Hi Indra, You need to call the updateHypervisorCapabilities API and set the 'maxguestslimit' to a new value for the KVM hypervisor. The listHypervisorCapabilities API will let you know the necessary ID of the capability to be updated. Prachi -Original Message- From: Indra Pramana [mailto:in...@sg.or.id] Sent: Tuesday, December 24, 2013 5:48 PM To: us...@cloudstack.apache.org; dev@cloudstack.apache.org Subject: Increase max number of VMs in a host?

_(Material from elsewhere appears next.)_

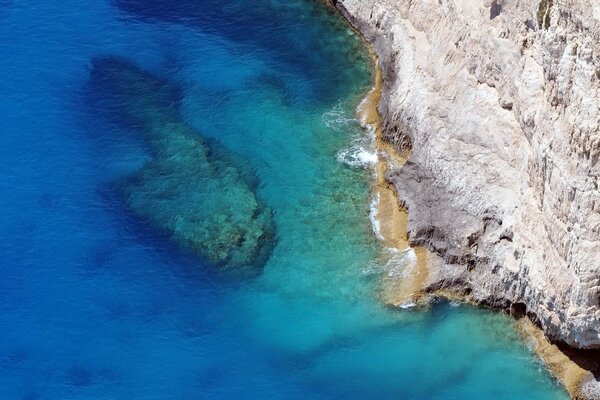 Acantilado junto al mar roca y agua
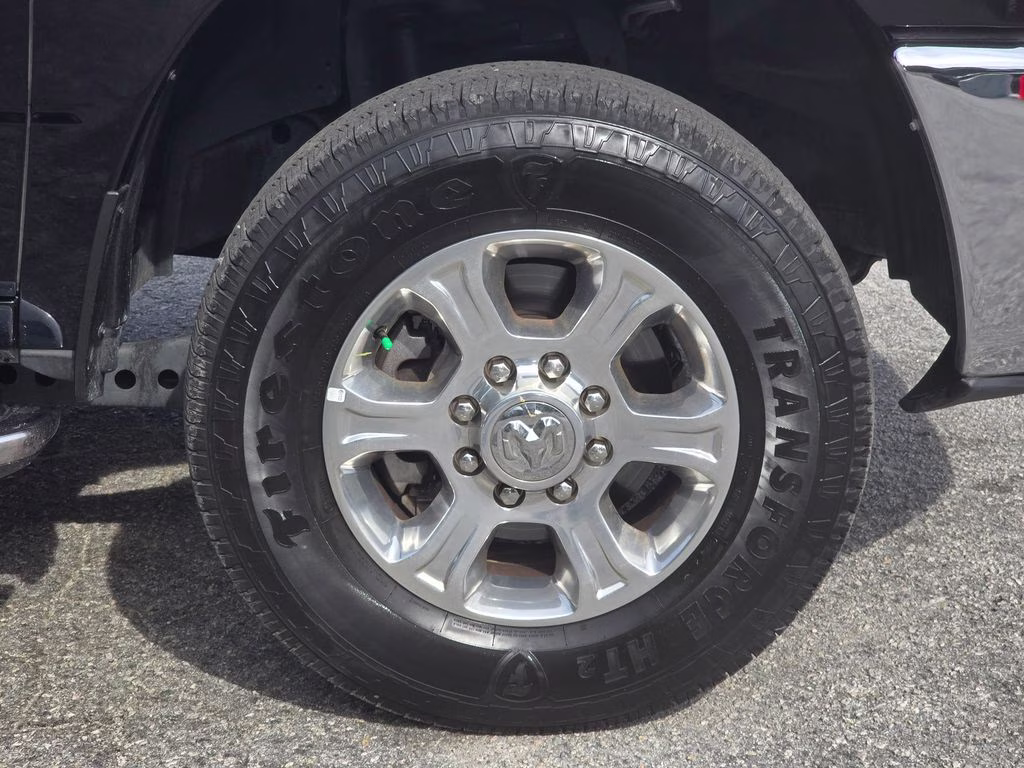 2025 Diamond Black Crystal Pearlcoat Ram 2500 Big Horn 4X4 Truck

Hi, I am not able to add a new VM instance through CloudStack because the number of VMs in my KVM hypervisor hosts have reached 50. Is there a way to increase the limit? I can't seem to find it on the Global Settings. === 2013-12-25 06:02:20,995 DEBUG [cloud.capacity.CapacityManagerImpl] (Job-Executor-77:job-6222 = [ fb1c8047-8de6-4144-a970-34381ae48911 ] FirstFitRoutingAllocator) Host name: hv-kvm-01, hostId: 34 already reached max Running VMs(count includes system VMs), limit is: 50,Running VM counts is: 50 2013-12-25 06:02:20,995 DEBUG [cloud.capacity.CapacityManagerImpl] (Job-Executor-75:job-6221 = [ 814d494b-d4fc-459b-8ceb-5acd51326bd9 ] FirstFitRoutingAllocator) Host name: hv-kvm-02, hostId: 37 already reached max Running VMs(count includes system VMs), limit is: 50,Running VM counts is: 50 === Looking forward to your reply, thank you. Cheers.